Billions of dollars invested to create novel AI hardware will bear their early fruit in 2020.
Google unleashed a financial avalanche with its tensor processing unit in 2017. The past year saw specialized AI processors from Alibaba, Cerebras, Graphcore, Habana, and Intel, with many others in the pipeline. These new chips will find their way slowly into research labs and data centers. I hope the AI community will embrace the best of them, pushing the field toward better models and more valuable applications.
How can machine learning engineers know whether a newfangled alternative performs better than the conventional CPU-plus-GPUs combo?

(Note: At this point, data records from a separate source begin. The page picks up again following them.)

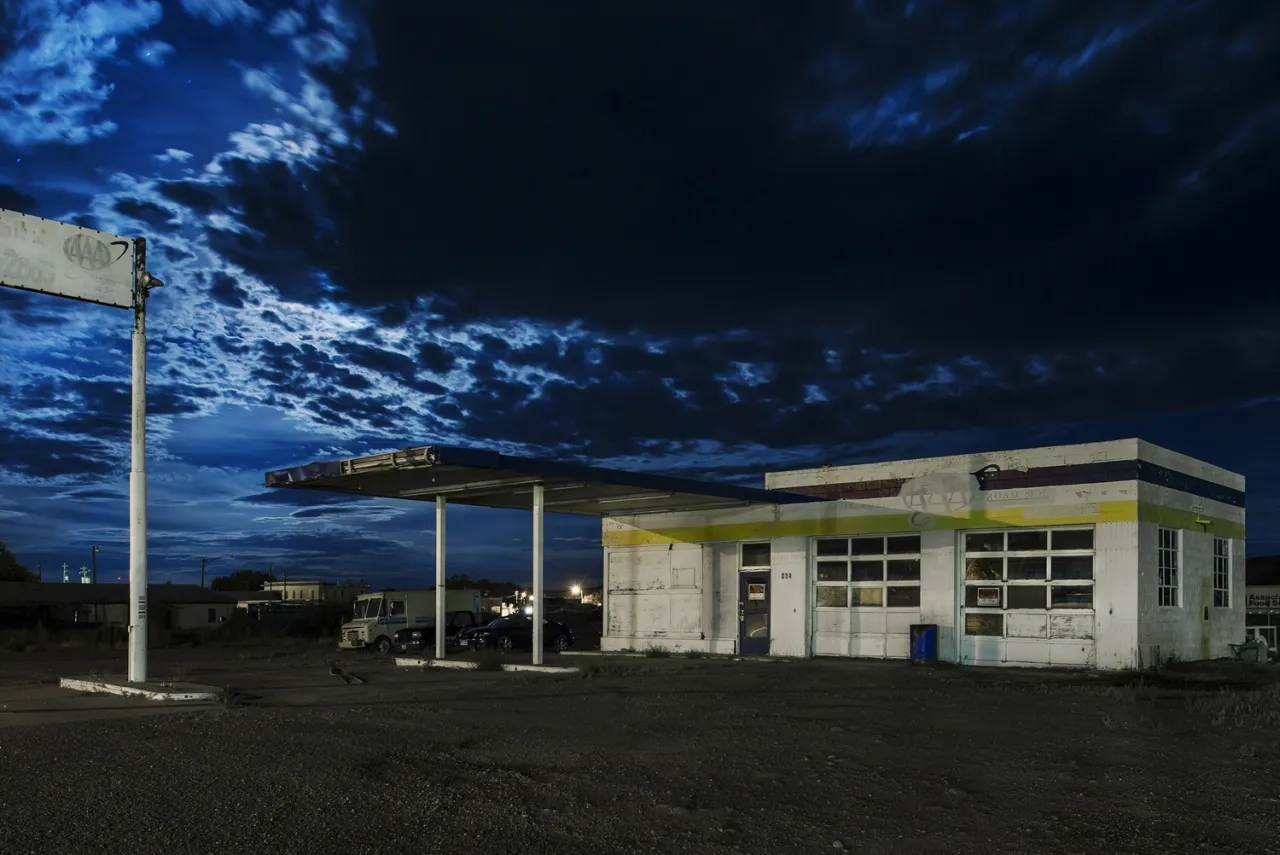 After violent storms the moon starts to creep out from behind thick clouds; a transition from violent skies to calmer ones. Throughout both, the world around seemed strangely quiet.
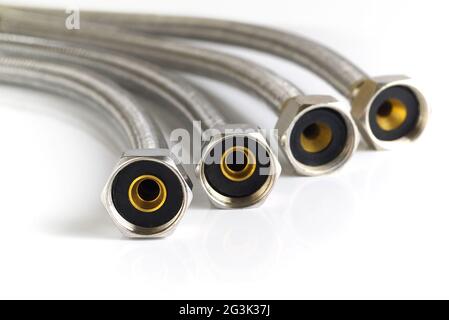 four braided steel flexes on white background, shallow depth of field, closeup Stock Photo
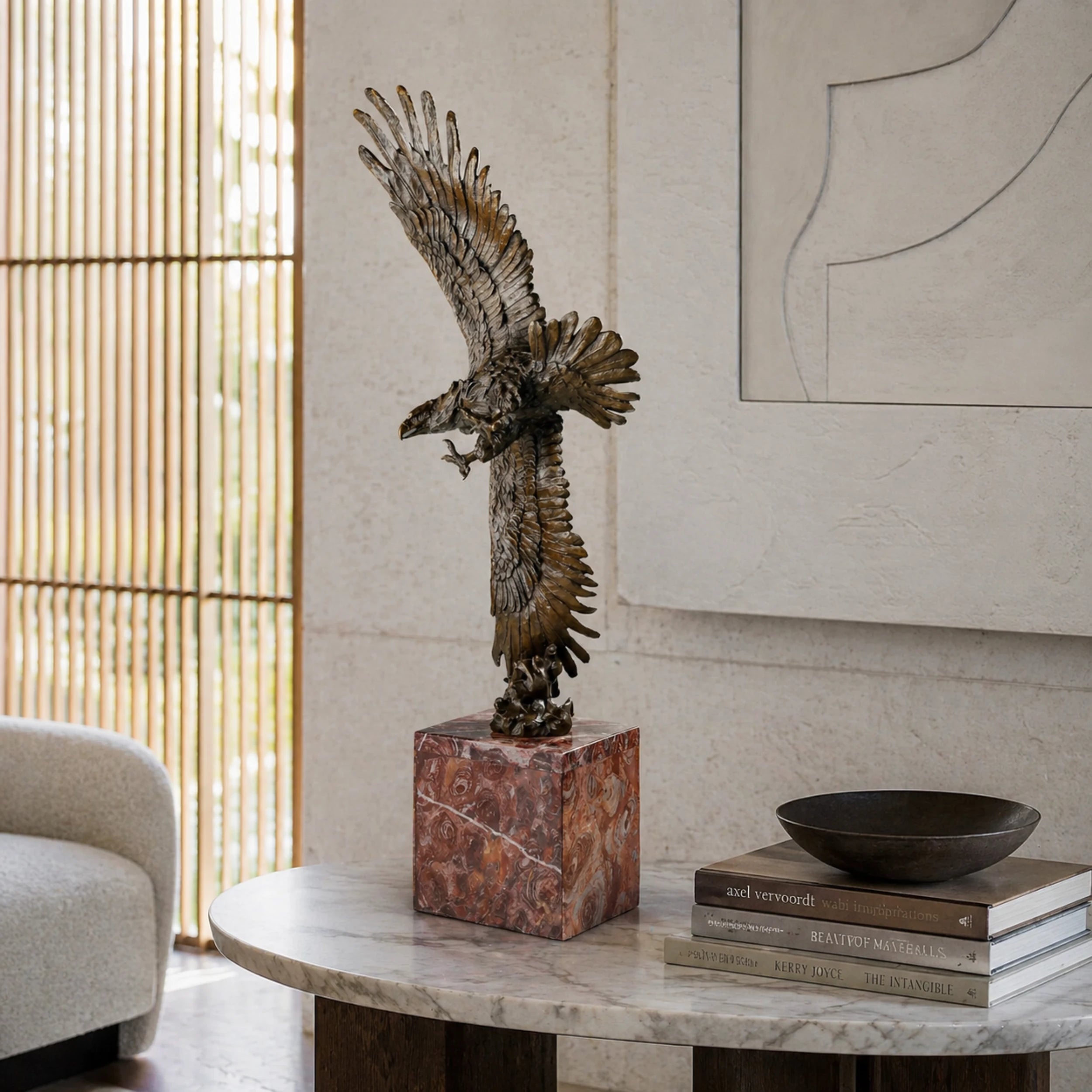 Mythic bronze eagle sculpture diving over waves. A powerful statement piece symbolizing strength, freedom, and mastery of the elements.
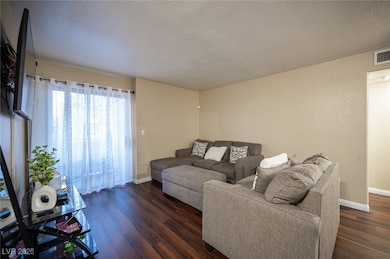 Living room featuring dark wood-style flooring, a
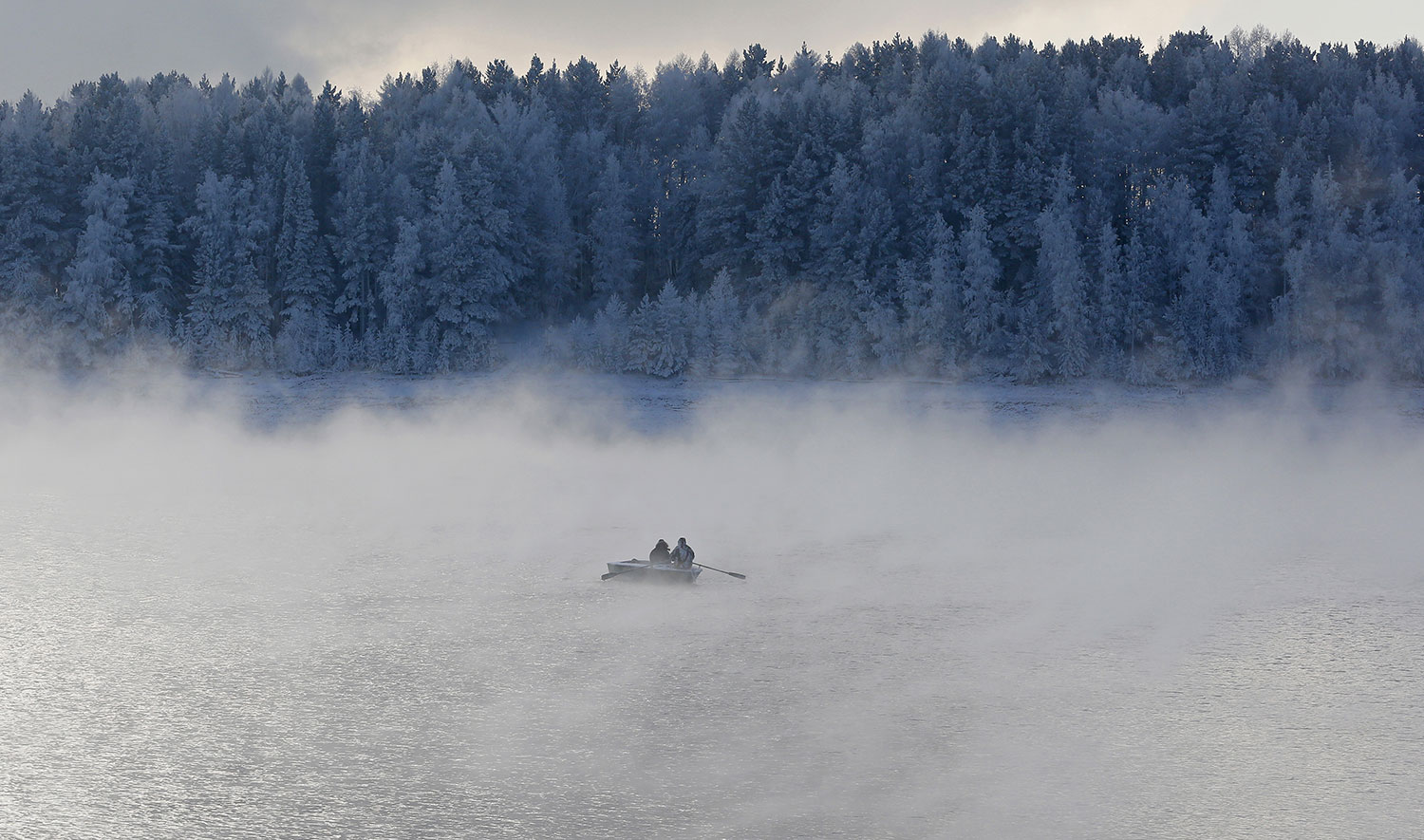 Two men row a boat through a frosty fog along the Yenisei River at air temperature some minus 20 degrees Celsius in the Taiga district outside the Siberian city of Krasnoyarsk, Russia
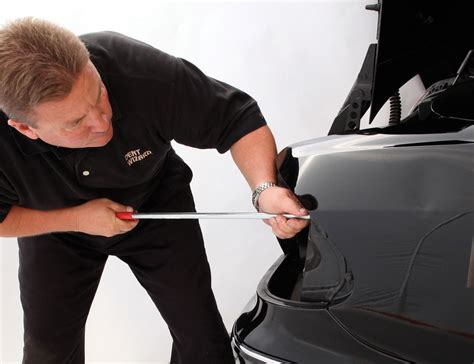 paintless dent repair utah Before and after photos of our paintless dent removal process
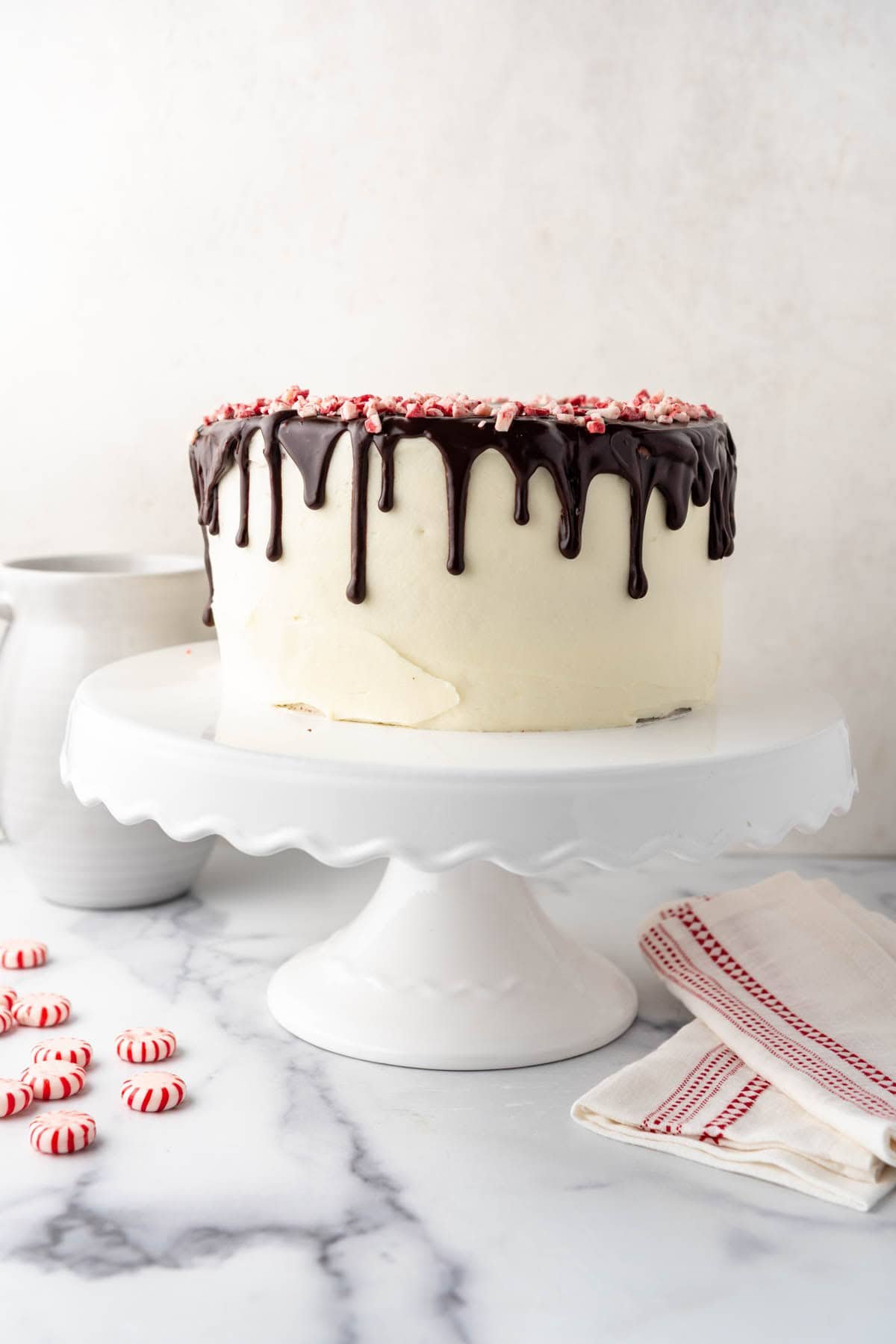 An image of a homemade peppermint bark cake on a white cake stand with peppermint candies and a red and white linen napkin nearby.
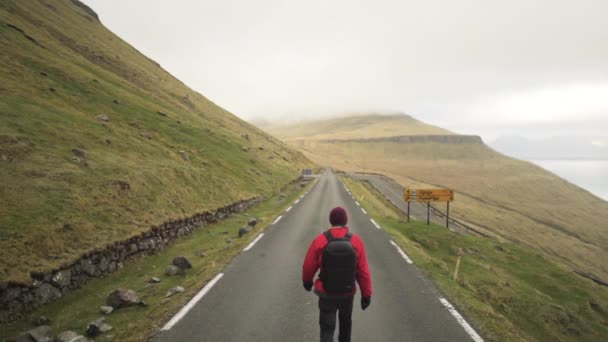 Hiker Walking On Mountain Road On Vidareidi — Stock Video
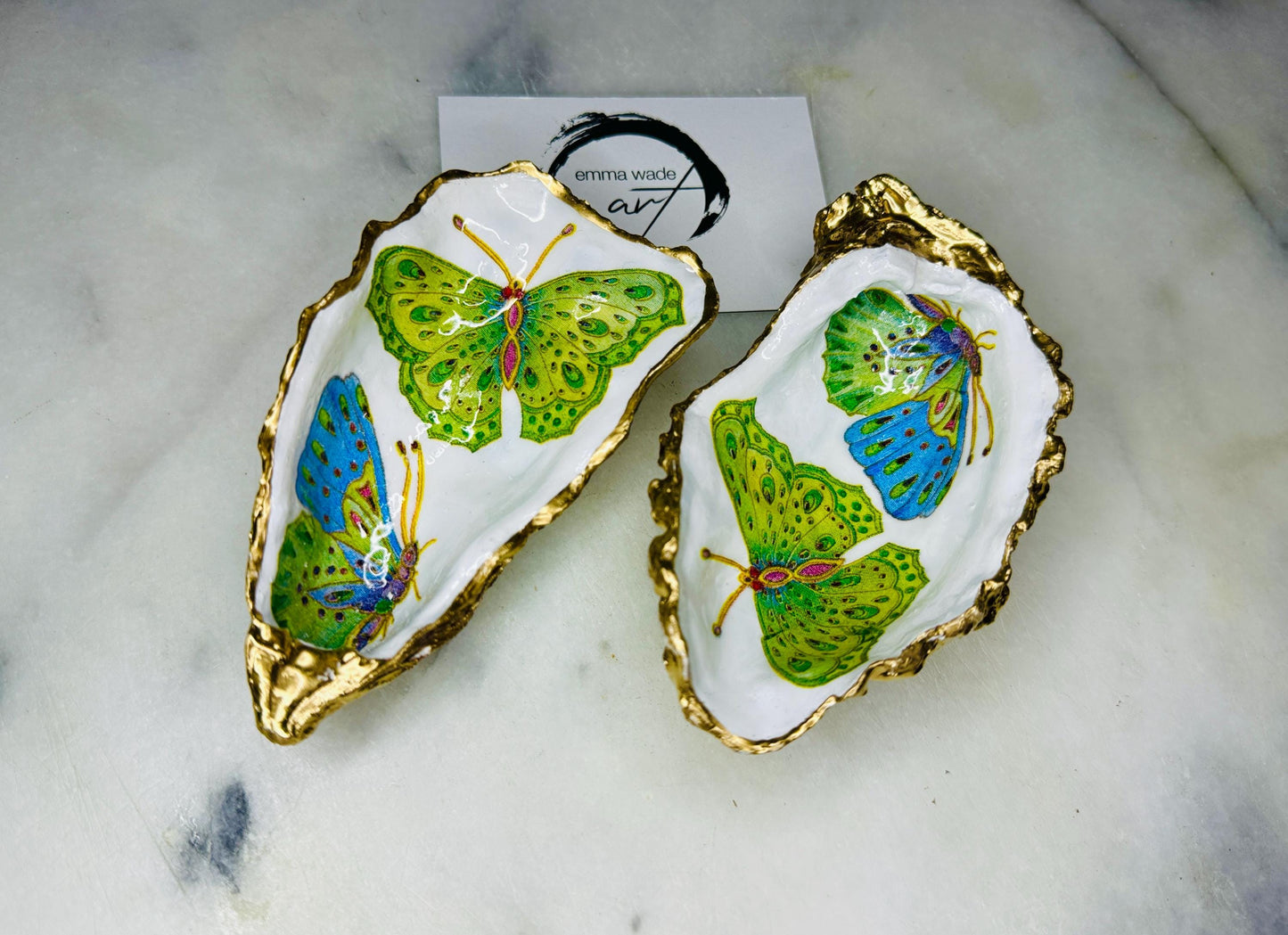 Handmade butterfly oyster shell trinket dish with colourful blue green and pink butterfly designs, edged and backed in gold leaf, Dorset coastal shell jewellery holder with glossy resin finish, luxury ring dish, coastal home decor gift, unique handmade shell dish for jewellery storage, beach house accessory, UK artisan oyster shell dish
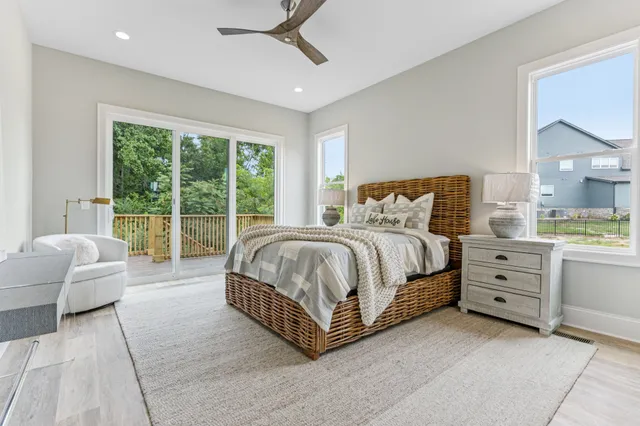 a bathroom with a sink toilet a bathtub and vanity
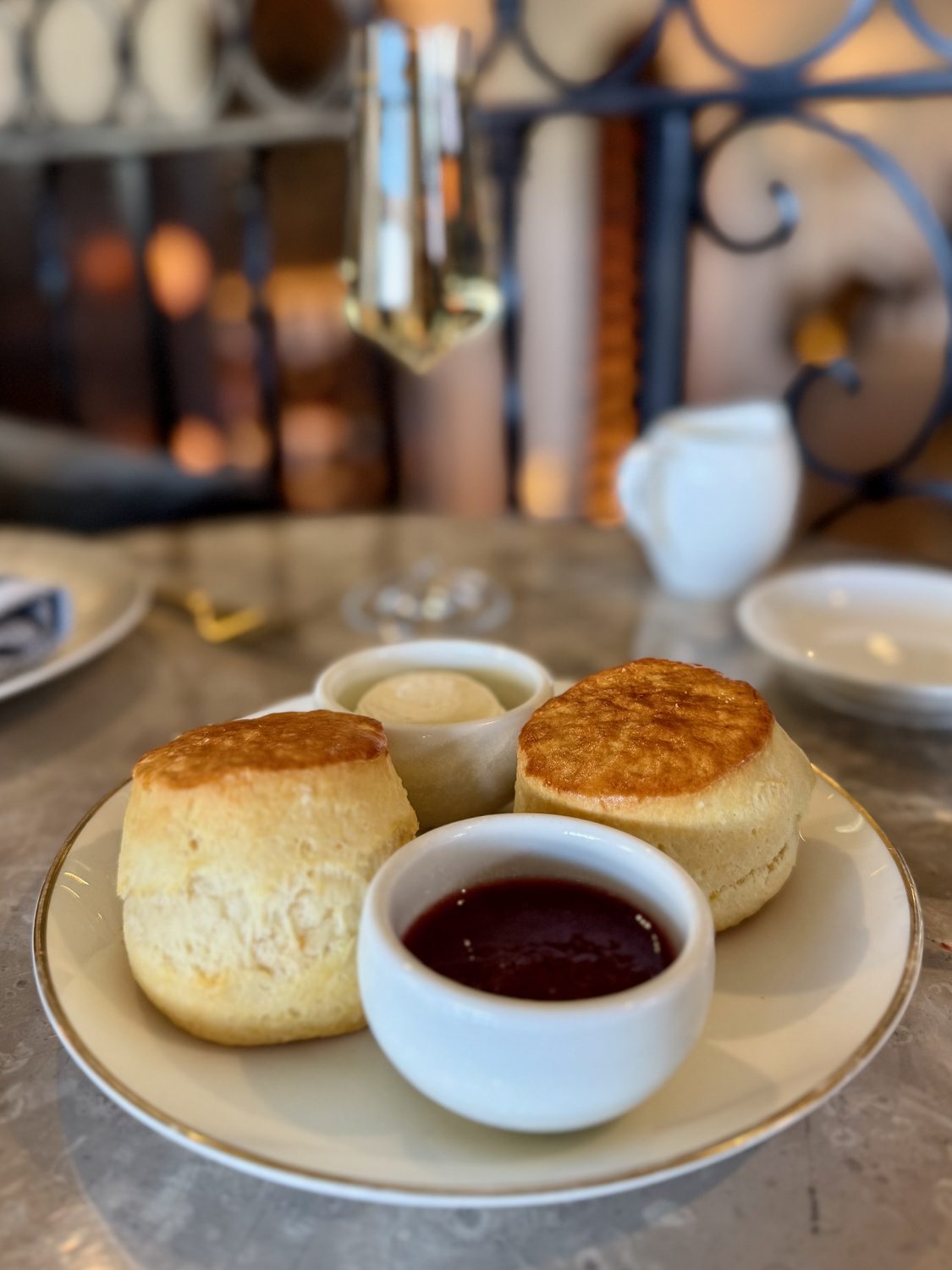 Two warm scones on a gold-rimmed plate with small pots of clotted cream and strawberry preserve beside them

Computer architecture is graded on a curve rather than an absolute scale. To account for differing computer sizes, we normalize performance by price, power, or numbers of chips. Competitors select a set of representative programs to serve as a benchmark. Averaging scores across many of these programs is more likely to reflect real performance than scores on any single one.
MLPerf is a recent benchmark for machine learning created by representatives from more than 50 companies and nine universities. It includes programs, data sets, and ground rules for testing both inference and training, specifying important details like the accuracy target and valid hyperparameter values. New versions occur every three months (alternating inference and training) to keep up with rapid advances in machine learning.
Not every product can win a fair comparison, so some marketing departments may sidestep MLPerf, saying some version of, “Our customers don’t care about the programs in MLPerf.” But don’t be fooled. First, MLPerf welcomes new programs, so if a given workload isn’t in MLPerf, it can be added. Second, competitors check MLPerf results for fairness to ensure apples-to-apples comparisons.
Caveat emptor. Ask to see MLPerf scores!
David Patterson is a professor of computer science at UC Berkeley.